Le jeune Confrère exhiba sa main gauche, dont la peau de l'index demeurait désespérément décolorée.
— Trop tard, dit-il. Mais les conséquences n'en sont pas désastreuses, alors après tout, ça n'a pas trop d'importance.
— Tu as raison, sourit le vieil homme. Ce qui nous intéresse davantage, c'est ce que l'Oracle t'a montré. Raconte-nous...
Makis prit une grande inspiration et se lança :
— Quelque part dans la région centrale du Royaume, sûrement à proximité du grand arbre Briwiel, je vais devoir partir à la recherche d'un sage qui demeure caché. Si je lui transmets une sorte de mot de passe, alors il me montrera la voie pour aller libérer le titan et ainsi lever la menace qui plane sur l'Adraendar.
Au fur et à mesure que les mots coulaient de sa bouche, l'adolescent se sentait de plus en plus mal. L'appréhension avait contaminé sa mémoire : il ne parvenait plus à se rappeler la moitié de la fausse prédiction inventée par Shamë, si bien qu'il arrivait peu à peu à court d'arguments.
— Ce sera un voyage très difficile où... euh... je serai souvent amené à me perdre et à être confronté à la mort... Voilà...
Un court silence accueillit son exposition, tandis que lui se dandinait d'un pied sur l'autre.
— Tes explications manquent de précision, fit remarquer la Sage Neclisa en fronçant les sourcils. Pourrais-tu développer davantage, s'il-te-plaît ? Le nom du sage, des indices pour le localiser, la teneur du mot de passe... ?
Le garçon sentit la panique le gagner. Il lui fallait vite trouver d'autres idées s'il voulait séduire le Sommet, mais sa tête demeurait désespérément creuse.
— Tu n'as rien appris de plus ? insista doucement la femme après quelques instants de silence.

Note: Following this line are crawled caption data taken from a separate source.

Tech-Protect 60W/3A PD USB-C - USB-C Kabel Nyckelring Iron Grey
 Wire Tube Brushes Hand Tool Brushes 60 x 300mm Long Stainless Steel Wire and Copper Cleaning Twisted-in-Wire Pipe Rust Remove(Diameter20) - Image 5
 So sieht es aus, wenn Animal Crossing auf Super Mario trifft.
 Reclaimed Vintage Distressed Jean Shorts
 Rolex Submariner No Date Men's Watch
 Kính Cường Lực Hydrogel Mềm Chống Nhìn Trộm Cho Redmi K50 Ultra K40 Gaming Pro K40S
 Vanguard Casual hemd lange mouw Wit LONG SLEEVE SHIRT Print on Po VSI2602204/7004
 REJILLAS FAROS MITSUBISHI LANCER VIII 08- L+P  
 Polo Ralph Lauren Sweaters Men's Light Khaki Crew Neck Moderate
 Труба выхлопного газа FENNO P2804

L'adolescent rentra la tête dans les épaules sous le poids des neufs regards suspicieux braqués sur lui. Pourquoi Shamë n'était-elle pas là pour le sortir de ce mauvais pas ?
— Makis, je te demande de nous réciter l'énigme de l'Oracle telle qu'elle t'a été révélée, exigea le dirigeant suprême de la Confrérie d'une voix calme.
Comme son interlocuteur s'enfonçait plus profondément dans son mutisme, les yeux baissés, l'homme en toge blanche répéta l'ordre avec une intonation plus ferme :
— Makis, récite-nous l'énigme de l'Oracle immédiatement ou notre consentement ne te sera pas accordé.
Il n'obtint aucune réponse de la part du jeune Aazu, et les membres du Sommet échangèrent des regards entendus. Le Doyen se leva alors de son siège, et ni ses traits ni son ton n'avaient plus rien de bienveillant lorsqu'il conclut :
— Confrère Makis, le Sommet est défavorable à ton départ. Tant que tu n'auras pas livré la véritable nature de ta quête et le contenu exact de la prédiction, toute sortie de la forêt de Dauthas te sera interdite.